The Gartner “hype cycle” depicts the lifecycle stages as a technology goes through from the initial development to commercial maturity. At what point does it transition into revenue generation for robotics companies?
Apr 10, 2023

We’ve all seen or heard of the “hype cycle.” It’s a visual depiction of the lifecycle stages a technology goes through from the initial development to commercial maturity. It’s a useful way to track what technologies are compatible with your organization’s needs. There are five stages of the hype cycle, which take us through the initial excitement trigger, that leads to the peak of inflated expectations followed by disillusionment. It’s only as a product moves into more tangible market use, sometimes called “the slope of enlightenment”, that we start to reach full commercial viability.  

Working with so many robotics startups, I see this stage as the transition into revenue generation in more than pilot use cases. This is the point where a startup no longer needs to nurture each customer deployment but can produce reference use cases and start to reliably scale. I think this is a useful model but that the classifications by Gartner don’t do robotics justice. For example, this recent chart puts smart robots at the top of the hype cycle.

Robotics is a very fast moving field at the moment.
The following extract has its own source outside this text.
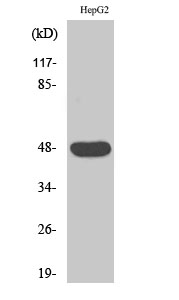 Western Blot analysis of various cells using IGSF4D Polyclonal Antibody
The majority of new robotics companies are less than five to 10 years old. From the perspective of the end user, it can be very difficult to know when a company is moving out of the hype cycle and into commercial maturity because there aren’t many deployments or much marketing at first, particularly compared to the media coverage of companies at the peak of the hype cycle.

So, here’s where I think robotics technologies really fit on the Gartner Hype Cycle:

Innovation trigger

  • Voice interfaces for practical applications of robots

  • Foundational models applied to robotics

Peak of inflated expectations

  • Large Language models - although likely to progress very quickly

  • Humanoids

Trough of disillusionment

  • Quadrupeds

  • Cobots

  • Full self driving

  • Powered clothing/Exoskeletons

Slope of enlightenment

  • Teleoperation

  • Cloud fleet management

  • Drones for critical delivery to remote locations

  • Drones for civilian surveillance

  • Waste recycling

  • Warehouse robotics (pick and place)

  • Hospital logistics

  • Education robots

  • Food preparation

  • Rehabilitation

Plateau of productivity

  • Robot vacuum cleaners (domestic and commercial)

  • Surgical Robots

  • Warehouse robotics (AMR in particular)

  • Factory automation (robot arms)

  • 3D printing

  • ROS

  • Simulation

AI, in the form of Large Language Models (i.e., ChatGPT, GPT3 and Bard) is at peak hype, as are humanoid robots, and perhaps the peak of that hype is the idea of RoboGPT, or using LLMs to interpret human commands to robots. Just in the last year, four or five new humanoid robot companies have come out of stealth from Figure, Teslabot, Aeolus, Giant AI, Agility, Halodi, and so far only Halodi has a commercial deployment doing internal security augmentation for ADT.

Cobots are still in the trough of disillusionment, in spite of Universal Robot selling 50,000+ arms. People buy robot arms from companies like Universal primarily for affordability andease of setup. They do not require safety guarding hardware and are capable of industrial precision. The full promise of collaborative robots has had trouble landing with end users. We don’t really deploy collaborative robots engaged in frequent hand-offs to humans. Perhaps we need more dual armed cobots with better human-robot interaction before we really explore the possibilities.

Interestingly the trough of disillusionment generates a lot of media coverage but it’s usually negative. Self-driving cars and trucks are definitely at the bottom of the trough. Whereas powered clothing, exoskeletons, or quadrupeds are a little harder to place.

AMRs, or autonomous mobile robots, are a form of self-driving cargo that is much more successful than self-driving cars or trucks traveling on public roads. AMRs are primarily deployed in warehouses, hospitals, factories, farms, retail facilities, airports, and even on the sidewalk. Behind every successful robot deployment there is probably a cloud fleet management provider, a teleoperation provider, or a monitoring service.

Finally, the plateau of productivity is where the world’s most popular robots are. Peak popularity is the Roomba and other home robot vacuum cleaners. Before their acquisition by Amazon, iRobot had sold more than 40 million Roombas and captured 20% of the domestic vacuum cleaner market. Now commercial cleaning fleets are switching to autonomy as well.

And, of course, productivity (not hype) is also where the workhorse industrial robot arms live with ever increasing deployments worldwide. The International Federation of Robotics (IFR) reports that more than half a million new industrial robot arms were deployed in 2021, up 31% from 2020. This figure has been rising pretty steadily since I first started tracking robotics back in 2010.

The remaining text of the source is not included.